Miami prepares to pick next mayor, with climate resilience on the line

By Adam Aton | 12/09/2025 06:15 AM EST

Both candidates have criticized a multimillion-dollar effort to protect the city from flooding.

Republican Emilio González (left) and Democrat Eileen Higgins are competing to be Miami's new mayor.

Republican Emilio González (left) and Democrat Eileen Higgins are competing to be Miami's new mayor. AP

Miami’s next mayor will be decided Tuesday as a former city official competes with a former county officeholder in a runoff to lead one of the most vulnerable U.S. cities to climate impacts.

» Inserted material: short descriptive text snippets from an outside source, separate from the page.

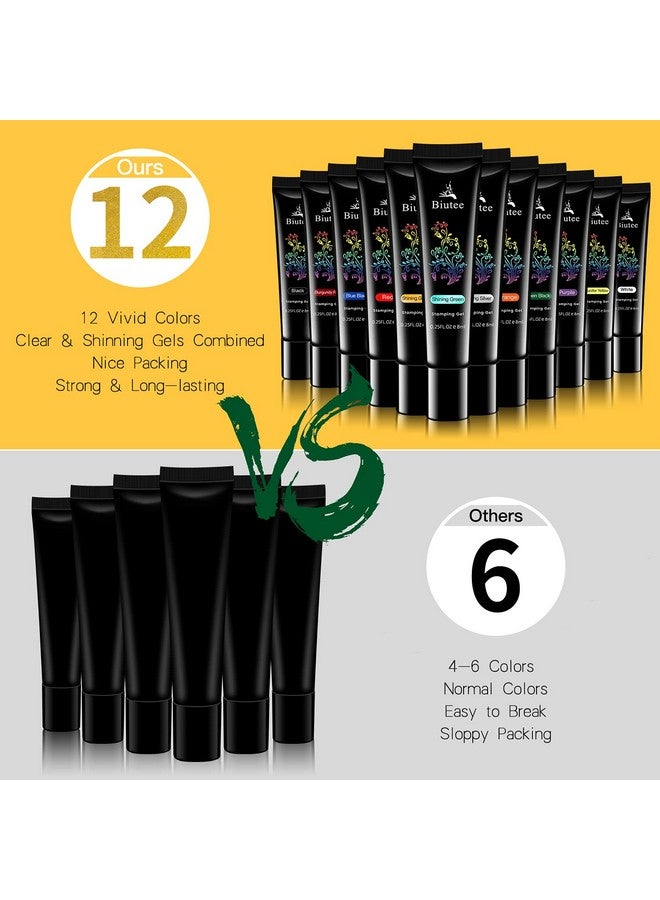 سيسو ختم المواد الهلامية طلاء الأظافر 12 لون ختم المواد الهلامية أسود أبيض بريق أخضر/فضي/ذهبي لمسمار ختم لوحة الختام - Image 4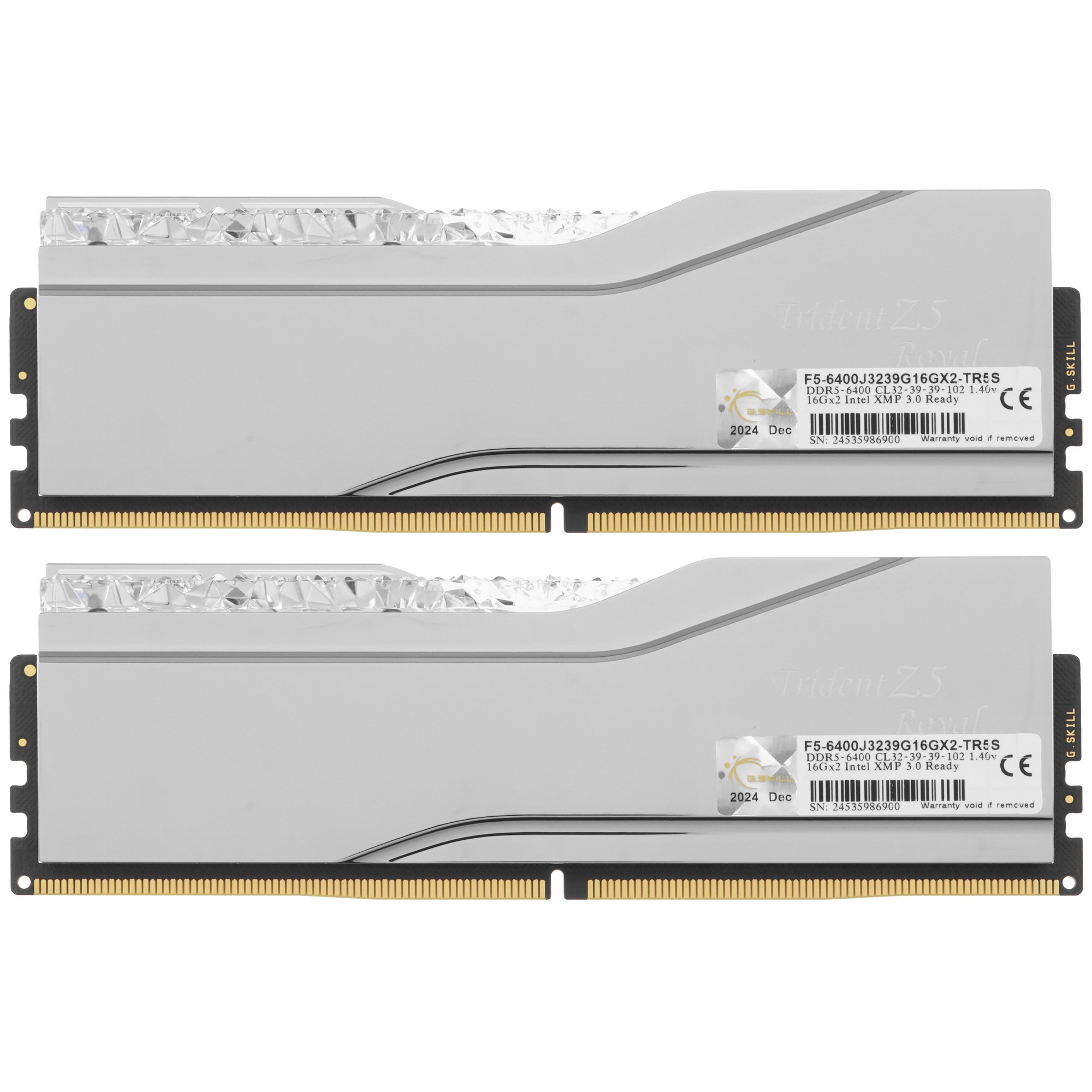 Модуль памяти G.SKILL TRIDENT Z5 ROYAL RGB 32GB 6400МГц DDR5 CL32 DIMM (Kit of 2x16GB) 1.4V XMP 3.0,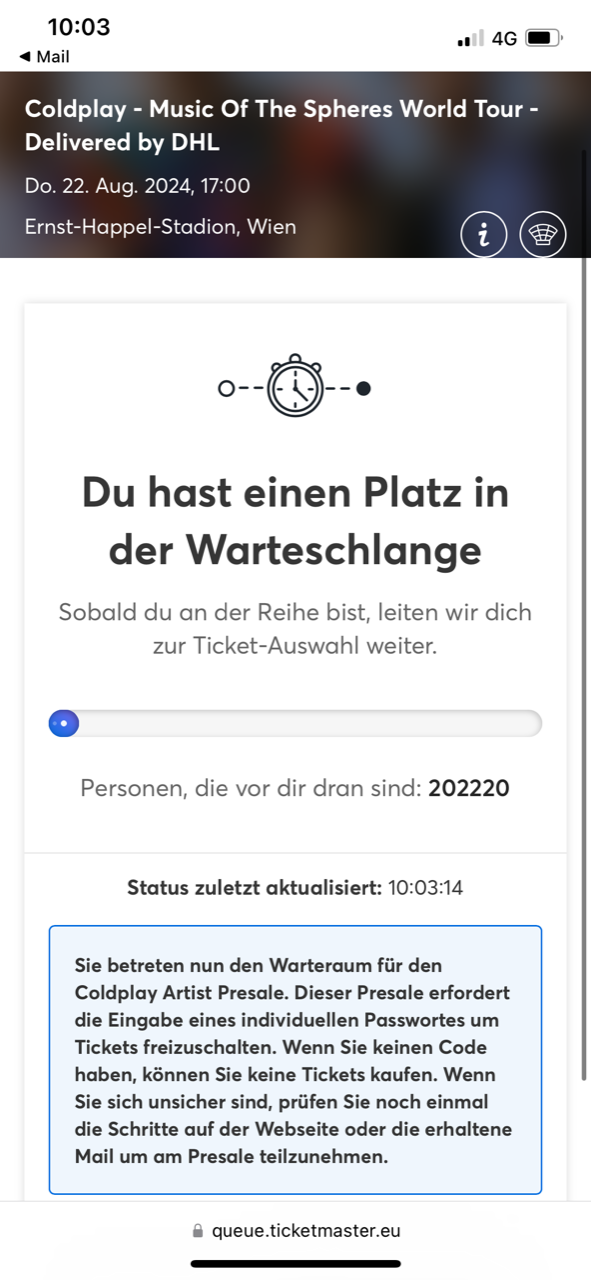 Mega-Hype um Coldplay Tickets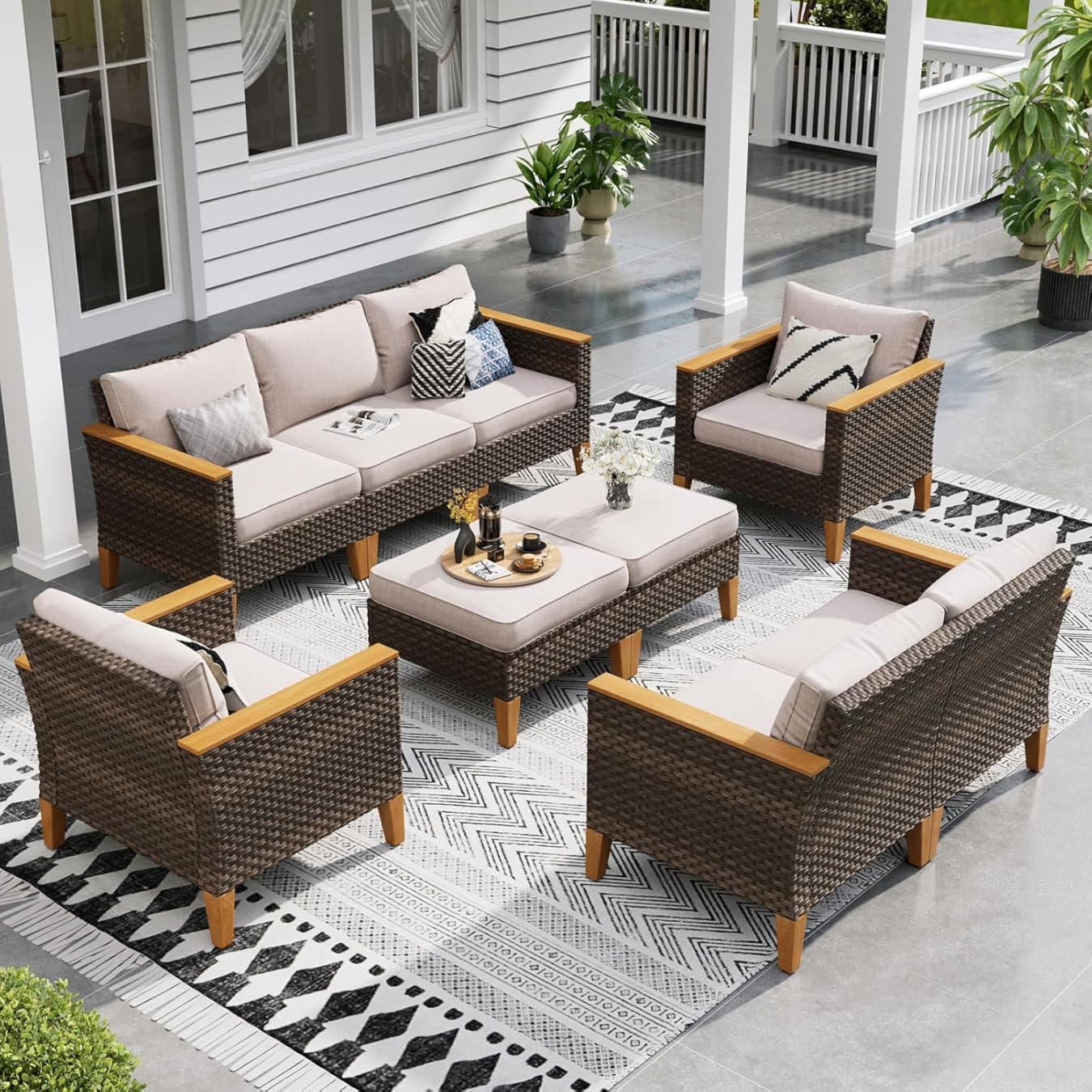 Sophia & William Wicker Patio Furniture Set, Outdoor Rattan Sectional Sofa 9 Piece Patio Conversation Set with 4 x Corner Sofa, 2 x Single Chairs, 1 x Armless Couch, 2 x Ottoman for Deck, Backyard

Eileen Higgins, a Democrat and former Miami-Dade County commissioner, and Emilio González, Miami’s former city manager and a member of the Trump administration’s 2016 transition, emerged as the first- and second-place finishers, respectively, in a November election that featured more than a dozen candidates.

Because no candidate cleared 50 percent, Higgins and González advanced to the December runoff. Incumbent Mayor Francis Suarez, who briefly ran in the 2024 Republican presidential primary, is term-limited.

Advertisement

The election winner will take office as Miami spends hundreds of millions of dollars to protect the city from flooding — an effort that both Higgins and González have criticized as too slow and ineffective. They’ll also be grappling with a push by Florida Republicans to curtail local property taxes, which Miami uses to finance its climate resilience work, along with other government services.